On Fri, 2012-12-21 at 11:32 +0800, Jason Wang wrote:
> On 12/21/2012 07:50 AM, Stephen Hemminger wrote:
> > On Thu, 20 Dec 2012 15:38:17 -0800
> > Eric Dumazet <eric.dumazet@...il.com> wrote:
> >
> >> On Thu, 2012-12-20 at 18:16 -0500, Paul Moore wrote:
> >>> [CC'ing netdev in case this is a known problem I just missed ...]
> >>>
> >>> Hi Jason,
> >>>
> >>> I started doing some more testing with the multiqueue TUN changes and I ran 
> >>> into a problem when running tunctl: running it once w/o arguments works as 
> >>> expected, but running it a second time results in failure and a 
> >>> kmem_cache_sanity_check() failure.  The problem appears to be very repeatable 
> >>> on my test VM and happens independent of the LSM/SELinux fixup patches.
> >>>
> >>> Have you seen this before?
> >>>
> >> Obviously code in tun_flow_init() is wrong...
> >>
> >> static int tun_flow_init(struct tun_struct *tun)
> >> {
> >>         int i;
> >>
> >>         tun->flow_cache = kmem_cache_create("tun_flow_cache",
> >>                                             sizeof(struct tun_flow_entry), 0, 0,
> >>                                             NULL);
> >>         if (!tun->flow_cache)
> >>                 return -ENOMEM;
> >> ...
> >> }
> >>
> >>
> >> I have no idea why we would need a kmem_cache per tun_struct,
> >> and why we even need a kmem_cache.
> > Normally flow malloc/free should be good enough.

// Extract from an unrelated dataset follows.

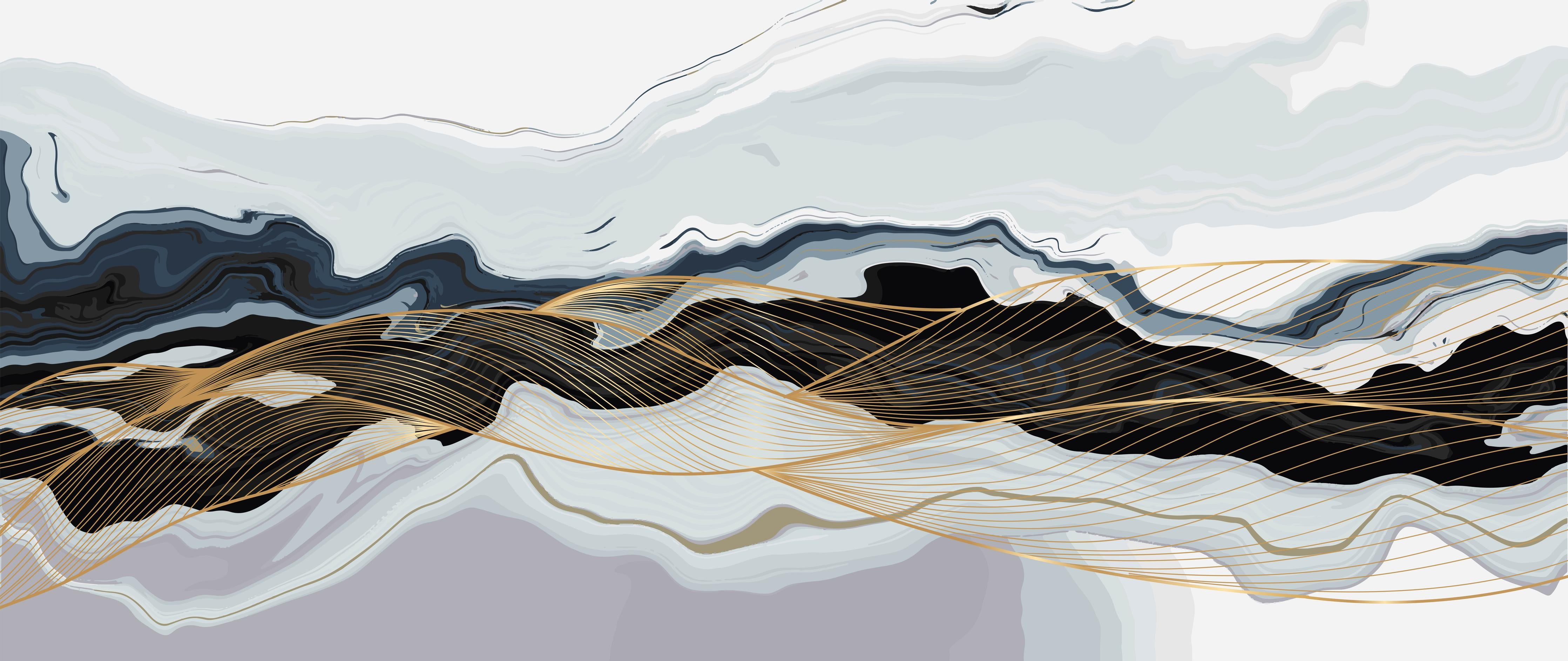 Küchenrückwand-Moderner abstrakter Berge Digitaldruck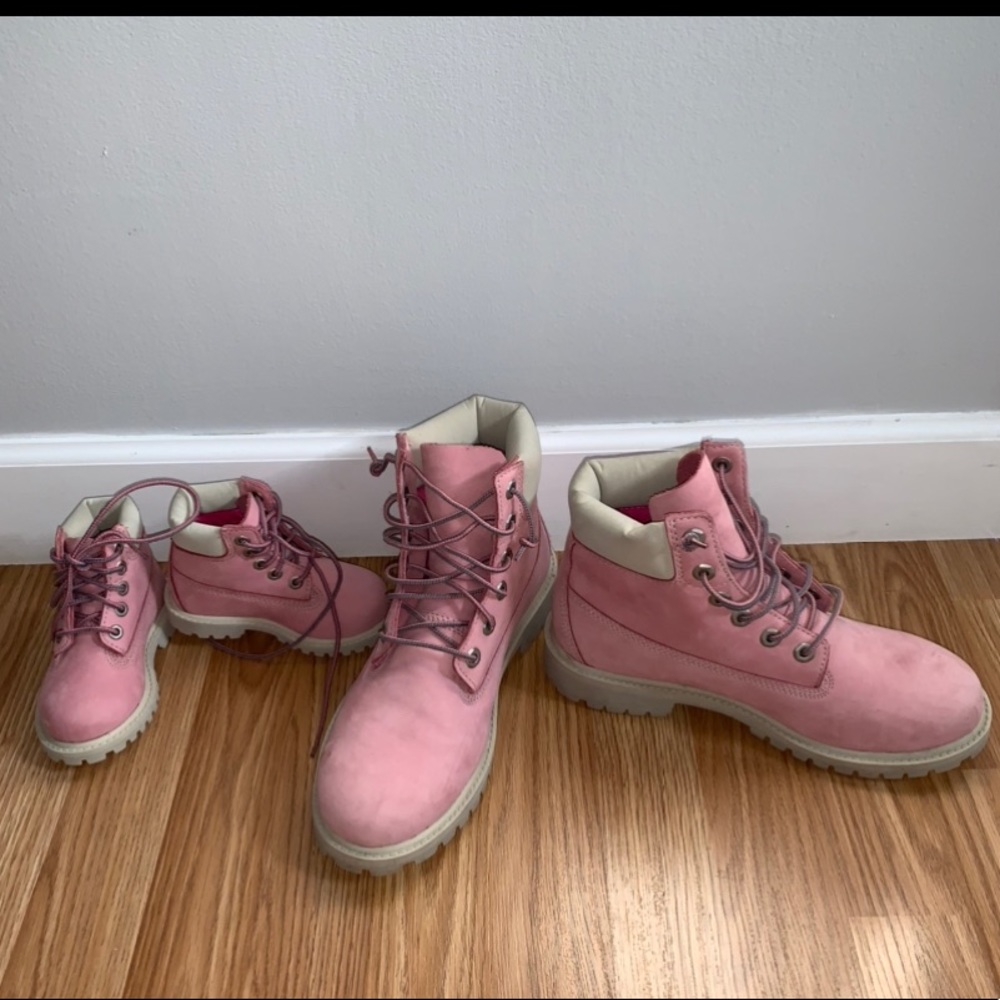 Pink mommy and me timberlands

> > It might make sense to use private kmem_cache if doing hlist_nulls.
> >
> >
> > Acked-by: Stephen Hemminger <shemminger@...tta.com>
> 
> Should be at least a global cache, I thought I can get some speed-up by
> using kmem_cache.
> 
> Acked-by: Jason Wang <jasowang@...hat.com>

Was it with SLUB or SLAB ?

Using generic kmalloc-64 is better than a dedicated kmem_cache of 48
bytes per object, as we guarantee each object is on a single cache line.